Twelve-year-old Eliot Katayama, a biracial Japanese American girl, is grieving for Babung, her paternal grandmother, who died recently after struggling with dementia. Eliot feels that she lost her “before she was even really gone.” She wants to find a way to speak with Babung again, to “make sure she remembers all the things she forgot,” but that may not be easy in their family’s new home on the East Coast, thousands of miles away from where Babung died in California. Her parents don’t understand her obsession with ghosts and can’t seem to find a way to help Eliot as she bears her grief.
Eliot then encounters neighbor Mrs. Delvaux and her granddaughter, Hazel, who live in the supposedly haunted Honeyfield Hall. Despite the strange dwelling and the rumors that Mrs. Delvaux is a witch, Eliot finds it easier to make friends with Hazel than with the girls in the local middle school. And the ghosts of Honeyfield Hall, it turns out, are real.

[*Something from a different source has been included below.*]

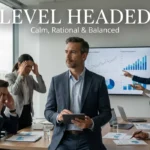 synonym for level headed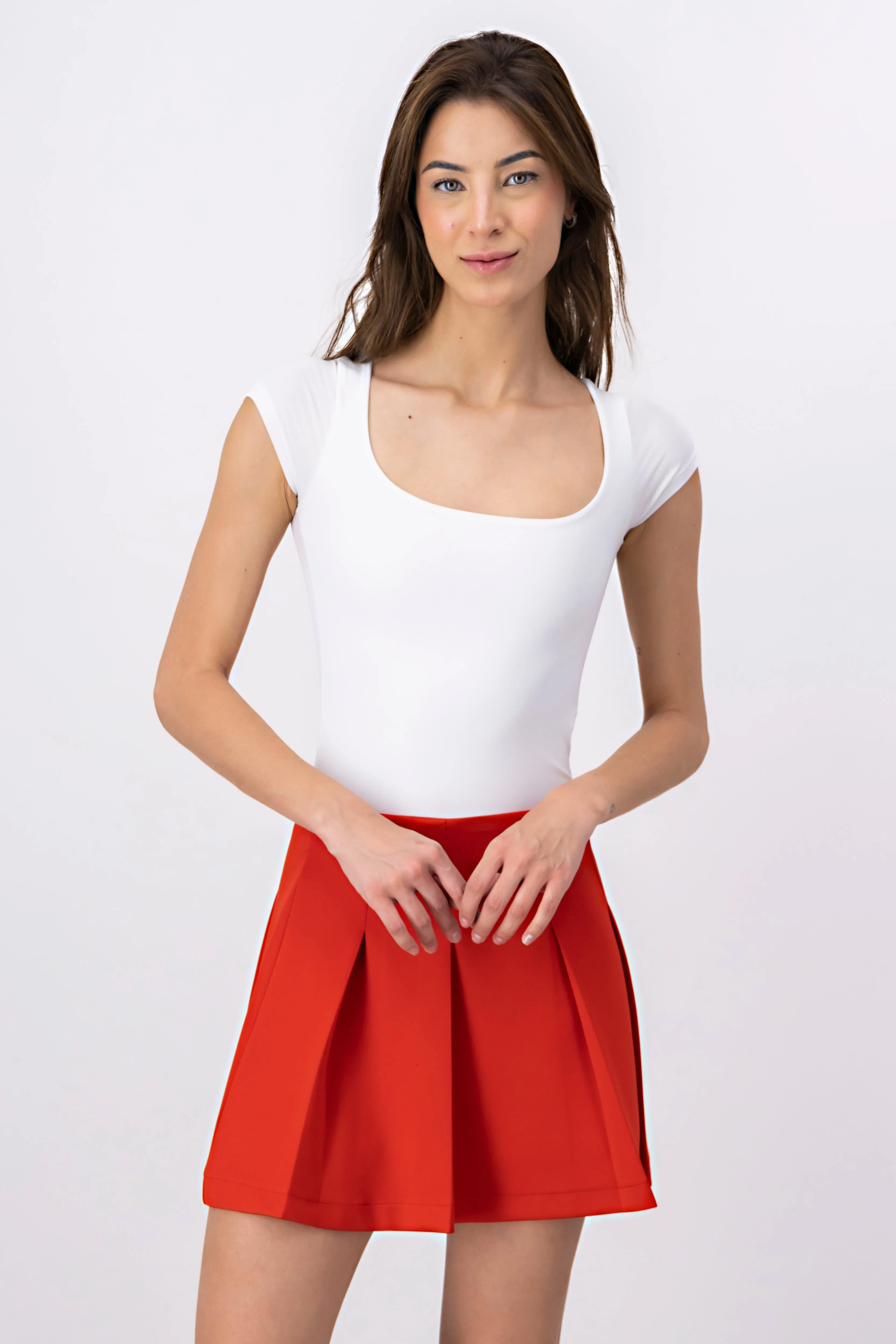 Bodysuit De Manga Corta Liso sold by Shasa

The ghosts are trapped there, however, losing their memories, and unable to move on as they should. Eliot enlists Hazel’s aid to try and help them, lured by the promise that the ghosts could carry a message to Babung. A fearsome monster threatens both ghosts and Hall, however, and the two girls must unravel the mystery and help the trapped spirits, even as their feelings for each other deepen.
This is a haunting but ultimately hopeful story about grief and love, history and memory, ghosts and living. Spooky but not deeply scary, it includes some slow, satisfying revelations and carries a message about what it means to live our full truths.